O argumento central dos economistas contrários aos estoques é o custo decorrente das atividades de armazenagem. Controle de temperatura e umidade dos silos (alguns comportam mais de 30 mil toneladas de cereais), fretes, seguros em geral, estiva, pesagem, capatazia e braçagem saem caro aos cofres públicos.
Já economistas a favor dos estoques insistem em um ponto-chave: o governo precisa ser forte e ter capacidade técnica o suficiente para executar uma política agrícola coerente com a realidade social do país, que não abandone os pequenos agricultores ao sabor dos ventos do mercado. Para eles, um governo forte e justo seria capaz de, ao mesmo tempo garantir a segurança alimentar dos cidadãos, preços acessíveis nos supermercados e a proteção do produtor rural, navegar bem entre os contratempos do comércio internacional, tudo isso sem desrespeitar as regras da Organização Mundial do Comércio (OMC) e os acordos bilaterais que mantém. “O governo tem que dar a regra do jogo. E precisamos de um governo que assegure o bem-estar da população, tarefa crucial em países em desenvolvimento. Veja que uma adversidade climática com nossos estoques zerados pode representar um perigo imenso!”, alerta Claudemir Galvani, professor de economia da Pontifícia Universidade Católica de São Paulo (PUC-SP).
Em tempos de mudanças climáticas afetando a produtividade agrícola em várias partes do mundo, e de forte inflação global de alimentos, o debate sobre estoques de alimentos precisa estar mais presente. E o assunto merece análise aprofundada, sem pressa, devido à complexidade das dinâmicas através das quais a economia agrícola opera em um mundo globalizado. A pressa pode ficar apenas em detectar quem são os agentes penalizados pelo desmonte dos estoques.

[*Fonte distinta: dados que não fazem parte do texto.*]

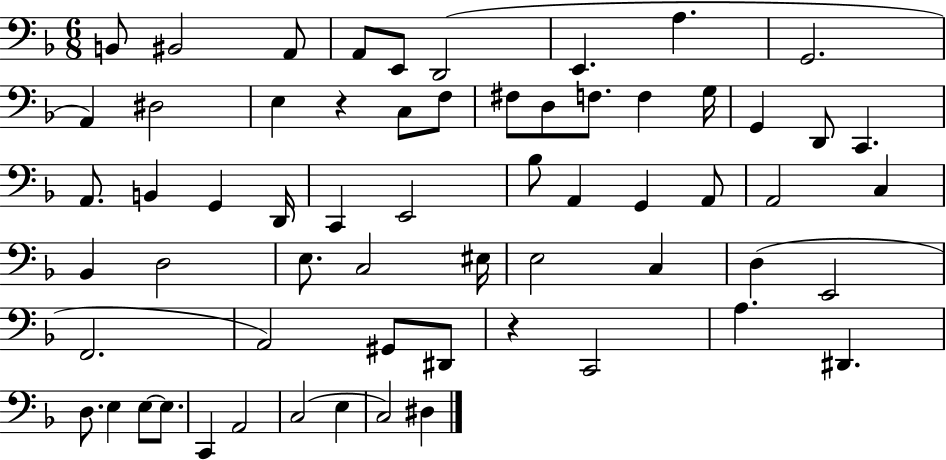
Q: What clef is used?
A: bass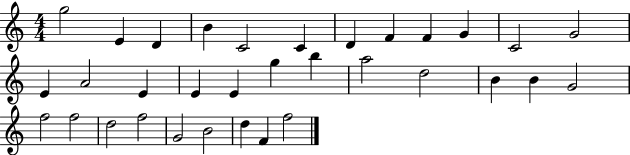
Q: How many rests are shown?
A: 0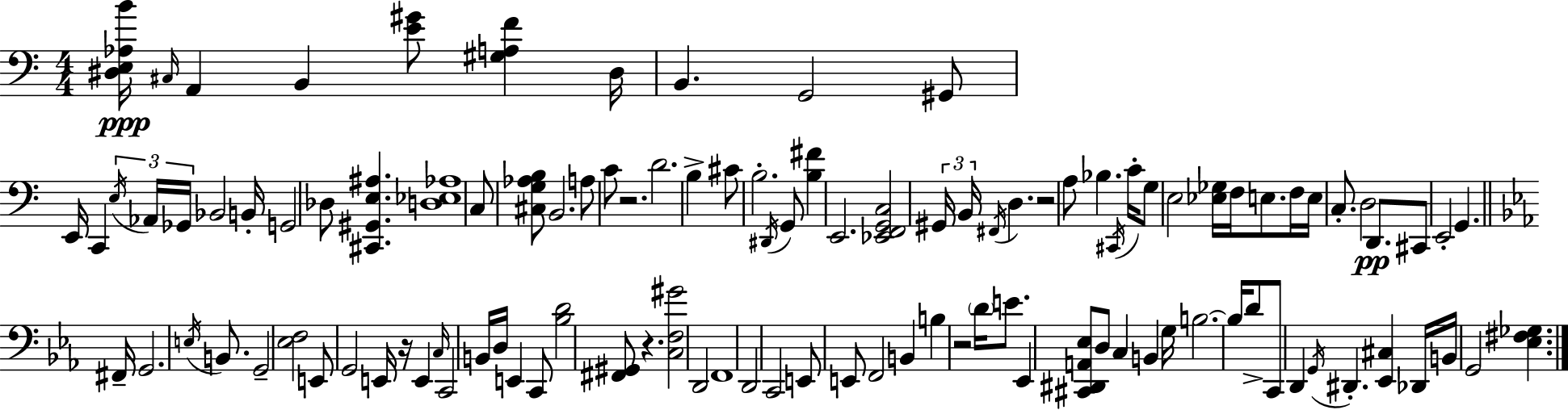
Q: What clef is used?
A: bass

A meu ver, me parecem ser, naturalmente, as duas pontas que a Política de Garantia dos Preços Mínimos (PGPM), do Ministério da Agricultura, a razão de ser da Conab, pretende proteger. De um lado, a combalida agricultura familiar, dependendo das migalhas que lhe sobram no orçamento federal e de medidas provisórias que autorizem a compra urgente do grão que falta. Do outro lado, sofre o consumidor de alimentos, deixado à mercê da volatilidade dos preços nas gôndolas, determinado por um mercado violento. A classe média reclama, mas ainda pode comer. A classe pobre agoniza com a insegurança alimentar. E o Brasil, com seus armazéns vazios, segue firme novamente no mapa tenebroso da fome.